It’s almost impossible to describe the excitement that we felt as we crafted plans for new entitlement programs with few budget constraints. The programs earmarked for federal funding offered health care, education and training, housing assistance, counseling, and other social services meant to prepare the poor for their new responsibilities. Inspired partly by our slain president, who had challenged us to ask what we could do for our country, and partly by our belief that the economic system needed to be humanized by compassionate social-justice policies, we believed that we were part of something great and good.
But the government’s unprecedented expenditures failed to bring about the decline in poverty that Johnson had promised.
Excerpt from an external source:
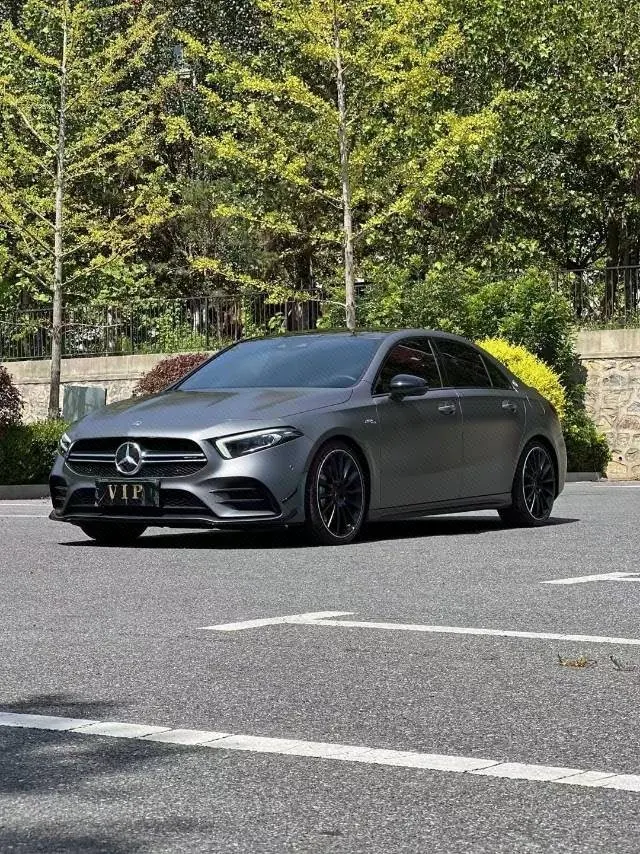 打开图片灯箱:Mercedes Benz Class A AMG (Imported) 2020 A 35 L AMG 4MATIC 2.0T Automatic Gear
Instead, they made things worse. Neither city hall nor I comprehended that the “community action” organizations on which we lavished taxpayer dollars would entrench dependency by urging people to get on the welfare rolls. War on Poverty funds paid for social workers, community activists, and lawyers to organize the poor, but these organizers, far from lifting poor people out of dependency, helped them sign up for more—and more expensive—welfare programs. For instance, the National Welfare Rights Organization urged single black mothers to protest the welfare system’s eligibility restrictions, and the organization’s goal was to flood the system with new clients.
The activists succeeded beyond their wildest imagination. By the end of the 1960s, during a period of economic prosperity and low unemployment, one out of every seven New Yorkers was on the dole. By 1975, War on Poverty spending (in inflation-adjusted dollars) had tripled, and the percentage of poor families’ income supplied by welfare had risen from 7.5 percent to 14.1 percent. Under the pressure of the advocates, government programs emphasized “welfare rights,” postponed self-sufficiency, supplied unproven and expensive services, and left most welfare clients out of the workforce. That’s perhaps the main reason that, as some pundits quipped, “in the War on Poverty, poverty won.” Yet my enthusiasm was undiminished; I had become a true believer. Along with my comrades on the left, I continued to think that income transfers were the most effective way to reduce the human pain of poverty.